By | April 16th, 2018

The Rumford, R.I., club filed for bankruptcy in January 2017, but The Nature Conservancy of Rhode Island’s recent $2 million purchase of development rights for two-thirds of the property has helped the club repay about $4.5 million in debt. Under the agreement, the land will be preserved from development, and the club will incorporate environmentally friendly principles.

The Nature Conservancy in Rhode Island has paid $2 million for the development rights to about two-thirds of the historic Agawam Hunt Club’s grounds in the heart of Rumford, R.I., 82 acres that include the majority of its 18-hole golf course and a half-mile corridor of woods and wetlands along the Ten Mile River, the Providence (R.I.) Journal reported.

Under the agreement, the Conservancy has the option to purchase a second easement for $980,000 on the remaining 40 or so acres, contingent on fundraising. Together, the two easements will preserve the land in perpetuity from development. As many as 101 homes could have been built there, the Journal reported.

The money from the sale played a major role in pulling Agawam Hunt out of bankruptcy last month, helping to repay about $4.5 million in debt and putting it on firm footing under a new ownership group made up of 17 families that are all longtime members of the private nonprofit club, the Journal reported.

C&RB reported on the club filing for bankruptcy in January 2017.

But for those families the deal was just as important to ensure that no matter what happens in the future, the property will never be developed. If the club ever closes, the land will become a public park, the Journal reported.

“We feel like we’re the caretakers of something special,” said Lance Pryor, a member of the new ownership group who is also part of the club’s five-person management team. “This will always be open space. To us, that is an accomplishment we take great pride in.”

The club’s financial situation hit rocky ground after taking out a bank loan to invest in new sprinklers and other safety improvements required by the state after a fire in 2003. With the financial crisis in 2008, membership plummeted from more than 800 to about 300, and as less revenue came in from dues, the club struggled to repay the loan, said Pryor.

The club filed for Chapter 11 bankruptcy in federal court in Providence in January 2017, seeking protection from creditors while it reorganized its finances. The debts included more than $460,000 owed to the City of East Providence for property taxes and water and sewer fees, the Journal reported.
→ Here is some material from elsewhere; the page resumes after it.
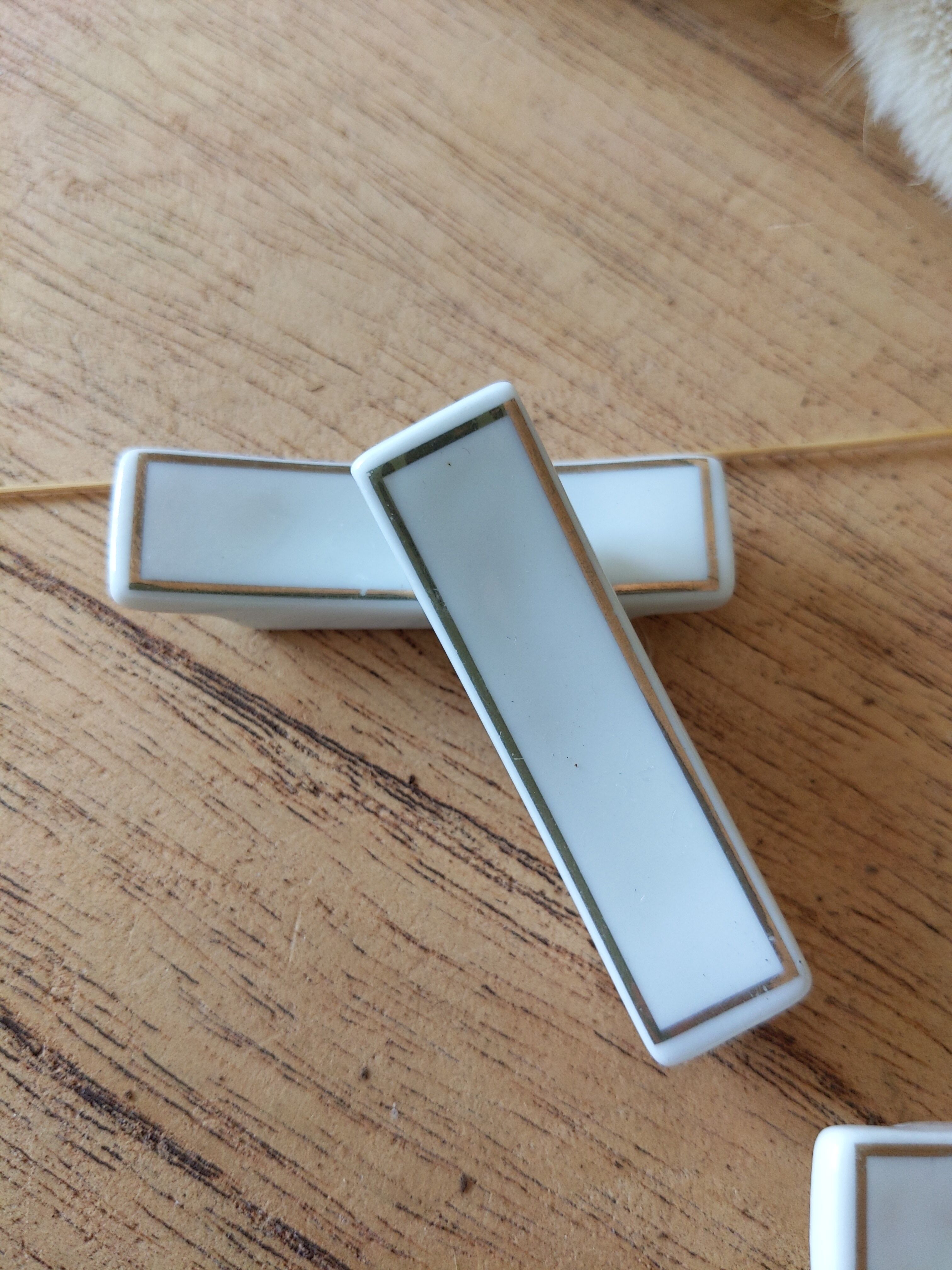 Porcelain covered rest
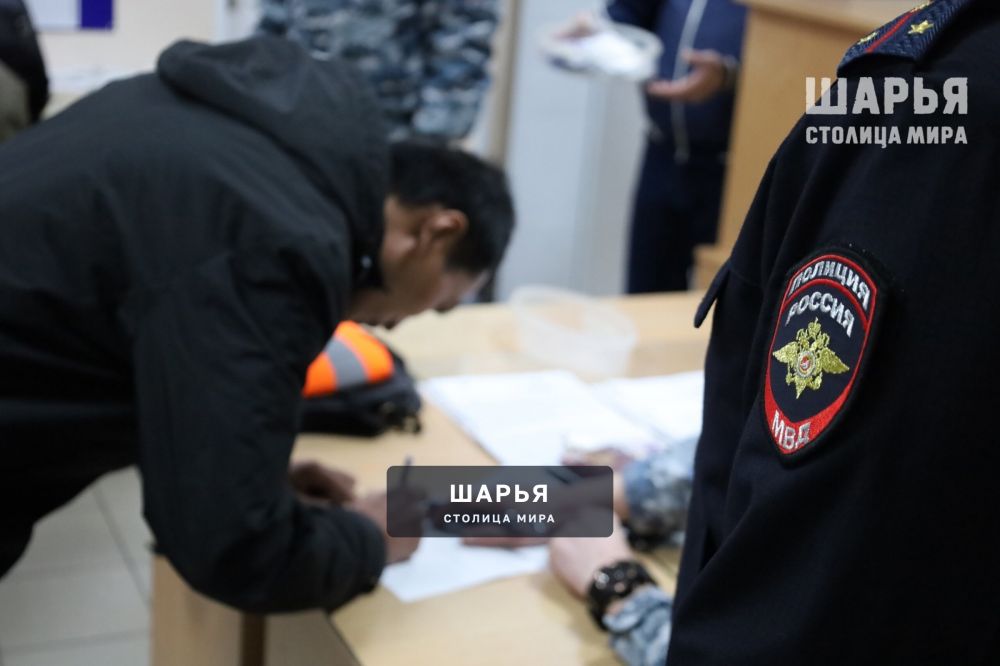 Шарьинские полицейские выявили мигранта-нарушителя — Шарья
After Pryor and the other families got together last year to buy the club, they approached the Conservancy with the idea of selling off the development rights to the land. The Conservancy has protected more than 33,000 acres in Rhode Island but it had never bought the rights to a golf course. Scott Comings, associate state director of The Nature Conservancy, was intrigued by the idea, the Journal reported.

Comings and others from the Conservancy recognized that because of its location near Providence it could easily be developed for housing. Upon visiting the site, they also immediately saw the value in protecting so much land along the Ten Mile River, a narrow waterway that empties into the Seekonk River, which in turn flows into Narragansett Bay, the Journal reported.

Preserving the club’s grounds should help protect the river’s habitat while also protecting the health of the larger Bay watershed, the Journal reported.

The purchase was funded entirely through private donations from members of Agawam Hunt and others with a connection to the club. It is the first large property protected through the Conservancy’s Providence Metro program, which was launched two years ago to expand the organization’s work from more rural parts of Rhode Island to the urban core, the Journal reported.

Under the agreement, the club will incorporate environmentally friendly principles to care for the course, restricting the types of fertilizers and herbicides it uses and the times they’re applied. The aim is to cut down on any nutrients and chemicals that can be washed off the course into the river. The Conservancy will also shore up portions of the river banks and plant more vegetation to help capture runoff, the Journal reported.

Comings hopes the project can be a model for putting in place conservation easements on other golf courses in Rhode Island and the region. “The goal of the plan is to have a viable golf course, but in a way that benefits the environment,” Comings said.

That philosophy has been embraced by the club’s new owners. “We want to translate the idea of being environmentally responsible to the club in its entirety,” said Heather Fowler, a member of the management team.

The pact stipulates that a public walking trail will be cleared along the river bank from North Broadway. The club will also provide access to its golf course to East Providence residents on four dates a year. And the property will be open to up to five guided nature walks led by the Conservancy every year, the Journal reported.